Ainda no primeiro semestre do curso, depois da primeira aula de Ecologia I, ministrada pelo professor Milton, Juliana não perdeu tempo e logo mandou um longo e-mail para ele expressando o gosto pela Astrobiologia. O passo seguinte foi ler as publicações do professor para se inteirar sobre o trabalho publicado por ele até então.

“Com aluno recém entrando no curso e fazendo a primeira Iniciação Científica é melhor pegar leve, dar algo mais simples”, pensou o professor. Mas a estudante optou por fazer algo mais complexo e conceitual: especificar a Ecologia e seus níveis de organização (população, comunidade, ecossistema e biosfera) e como ela se encaixa com a Astrobiologia. “Eu tinha algumas ideias soltas, ela juntou essas ideias, fez um negócio consistente e escreveu um artigo científico propriamente dito e tá lá, enviado e publicado”, diz Milton.

Ao longo de todo o ano de 2022, estudante e professor escreveram o artigo a partir de revisão bibliográfica. No ano seguinte, o artigo foi submetido e posteriormente publicado na International Journal of Astrobiology.
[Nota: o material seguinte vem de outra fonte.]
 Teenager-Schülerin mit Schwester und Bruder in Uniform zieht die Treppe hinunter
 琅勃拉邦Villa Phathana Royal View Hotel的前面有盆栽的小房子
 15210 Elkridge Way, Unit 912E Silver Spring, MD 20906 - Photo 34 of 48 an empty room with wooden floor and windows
Num cenário nacional em que a ciência carece de incentivo, Juliana encontrou, naquela primeira aula de Ecologia I, motivação para trabalhar com pesquisa. Com a experiência obtida até o momento, o interesse dela pela ciência cresceu. “Agora eu penso em fazer uma pós-graduação e eu nunca tinha pensado assim”, relata Juliana.
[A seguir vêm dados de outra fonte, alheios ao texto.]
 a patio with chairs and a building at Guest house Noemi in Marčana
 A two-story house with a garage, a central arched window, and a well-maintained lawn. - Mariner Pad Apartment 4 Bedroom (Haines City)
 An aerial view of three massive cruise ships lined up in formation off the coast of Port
Para Milton, se a estudante já está engajada na IC, ele sequer imagina o que ela vai ser capaz de fazer no mestrado. O desejo da estudante é que o professor siga orientando-a futuramente, o que não será difícil, uma vez que ambos possuem interesses em projetos futuros em torno da Astroecologia, possibilitando um ping-pong de construção de conhecimentos entre orientanda e orientador.